US healthcare reform view from an outsider
I'm sorry, I know I keep talking about things that aren't technology related but something has been bugging me. The stunning US Navy photo above of the USNS Mercy framed with a rainbow might give you an indication on what this post will be about, if you couldn't discern from the title.
I'm not an American, but I speak the same language and use the same Internets so therefore I'm exposed to many of the debates going on over there. One in particular has haunted my thoughts in the last few days even more than the war in Iraq and the debate surrounding healthcare reform, is the fact there's a debate about healthcare reform at all. Honestly, if people see the current system and they think it's not broken, or they don't want the government giving people public healthcare the way they have a public police force and fire departments, perhaps they should seek a mental health professional. If they can afford to, without insurance if they don't have it or in spite of having it because they've been denied.
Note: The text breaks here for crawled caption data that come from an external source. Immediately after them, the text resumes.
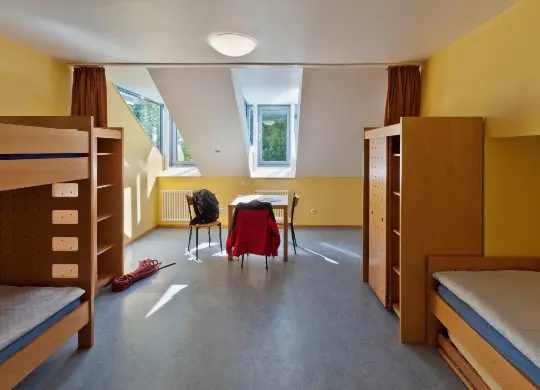 Auf Klassenfahrt mit HEROLÉ: Zimmerbeispiel Haupthaus der Jugendbildungsstätte Volkersberg in der Rhön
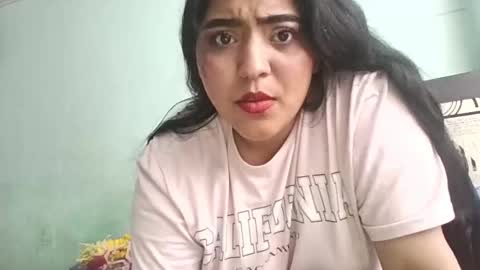 Snapshot of pocahontas_hall chatting on March 2025 06:52:01 PM Lily online show from March 2025 06:52:01 PM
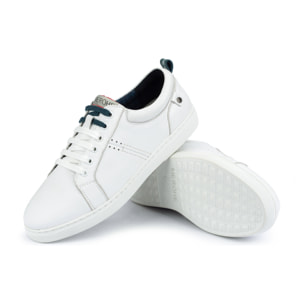 Zapatillas de piel blanco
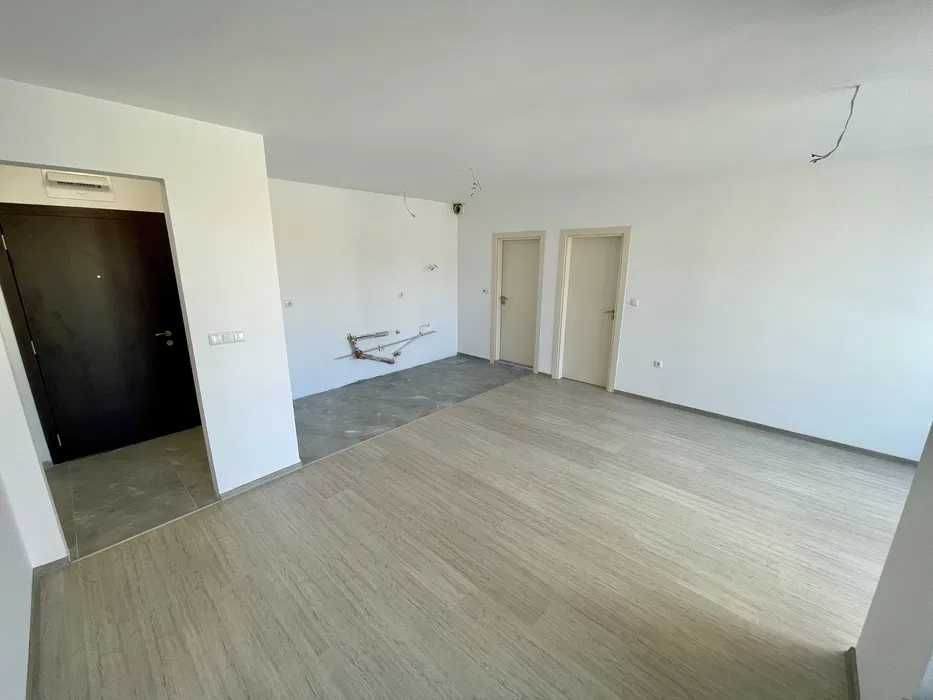 Продава се Двустаен апартамент в Несебър - 66 кв.м за 1243 €/кв.м - Снимка #3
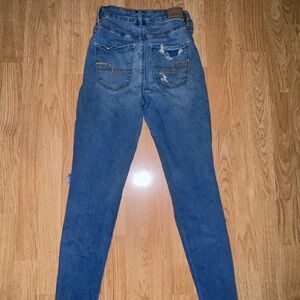 American Eagle Outfitters Skinny Jeans in Blue with Back Pocket Distress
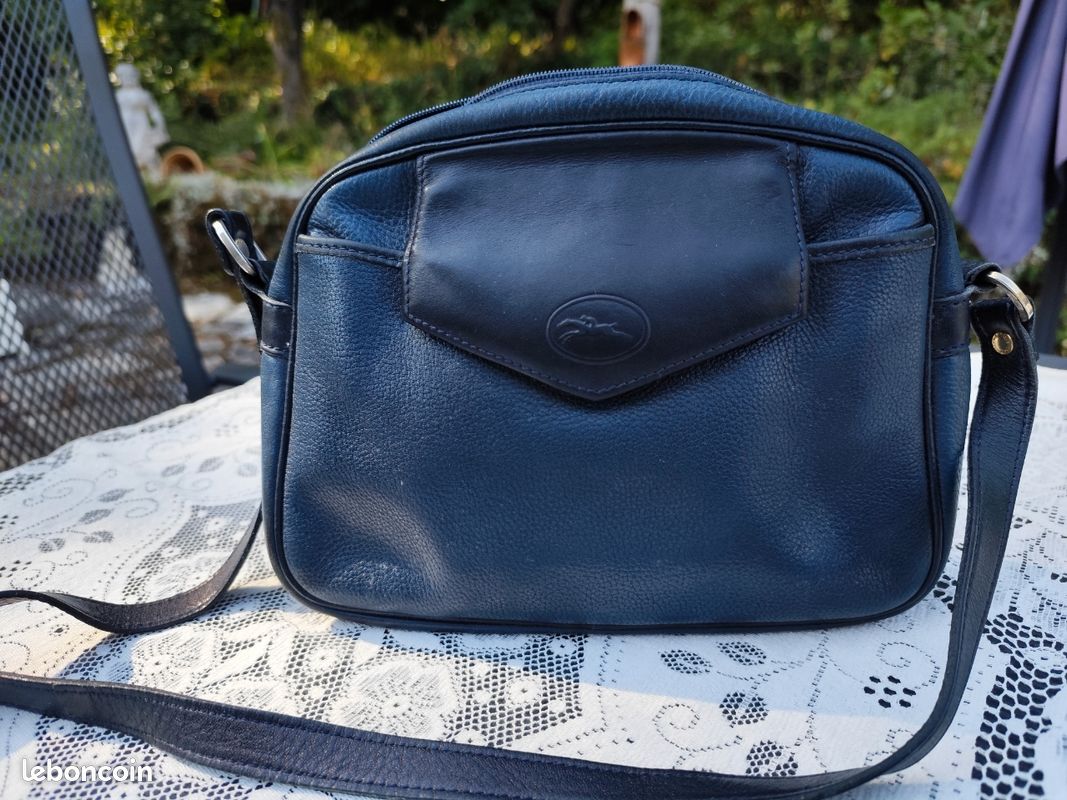 Sac à main cuir bleu marine Longchamp avec défaut Accessoires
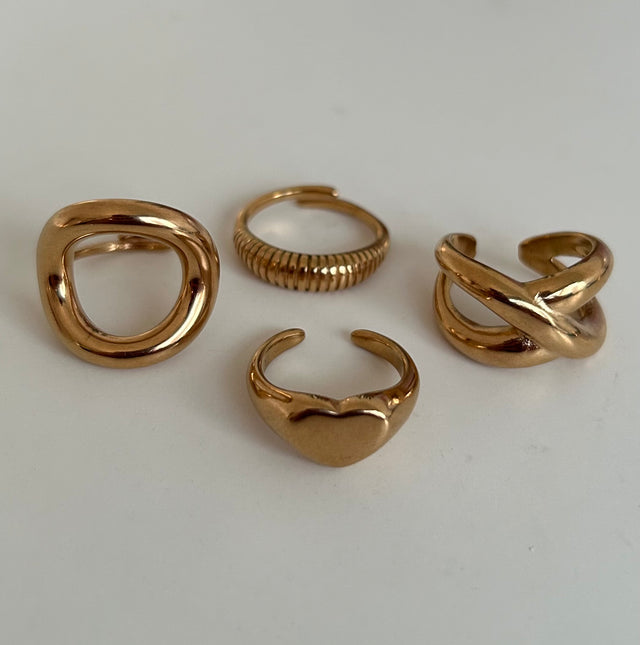 “It girl” chunky ring set (18k gold plated)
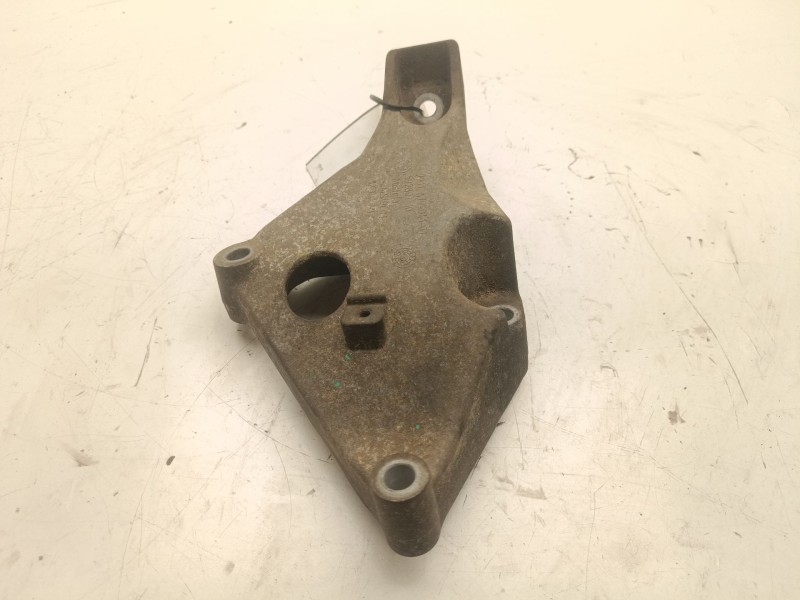 Recambio de soporte motor izquierdo superior para bmw 3 descapotable (e93) 320 d referencia OEM IAM 22116775041  
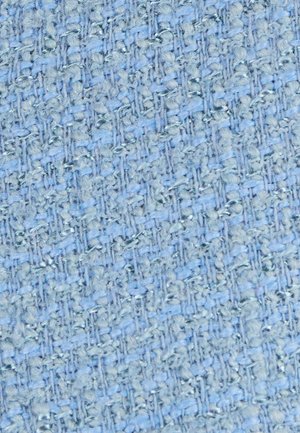 Tessuto di un blu chiaro con una trama testurizzata che presenta un motivo intrecciato con piccoli anelli, offrendo una superficie morbida e visivamente interessante.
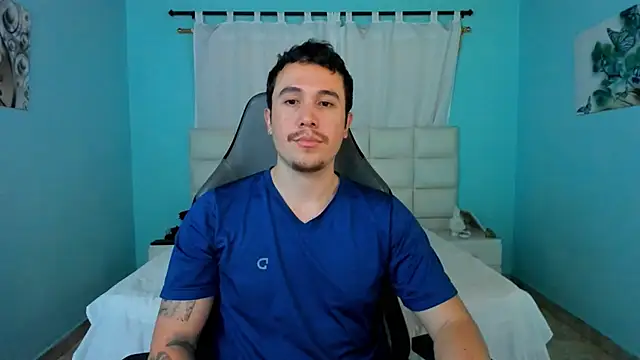 Snapshot of juan__jimenez chatting on April 8, 2026, 10:11 pm juan jimenez online show from April 8, 2026, 10:11 pm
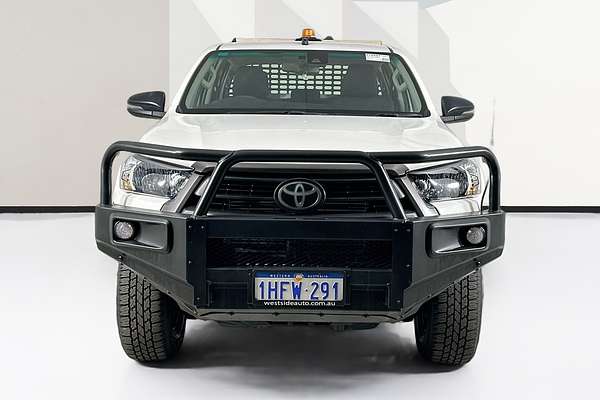 2021 Toyota HILUX SR (4x4) GUN126R FACELIFT 4X4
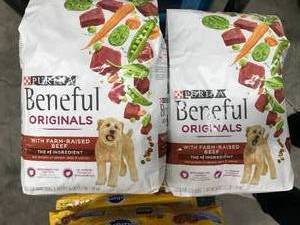 lot 8 image: 11 BAGS BENEFUL ASSORTED DOG FOOD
I could ramble on about the care and treatment my mum had for cancer for over 12 years, or the fact my sister was ill a few weeks ago and all she needed to do was flash her Aussie Medicare card here to get treatment and a prescription, but all I'll do is meekly admit that I thought the whole point of government was to help people, that medical care is a right under the United Nations' Universal Declaration of Human Rights and that ultimately we're discussing whether or not we believe our fellow brothers and sisters should live or die.
For an issue with so much debate going on, it seems simple enough to me. Again though, I'm not an American so I don't know the details.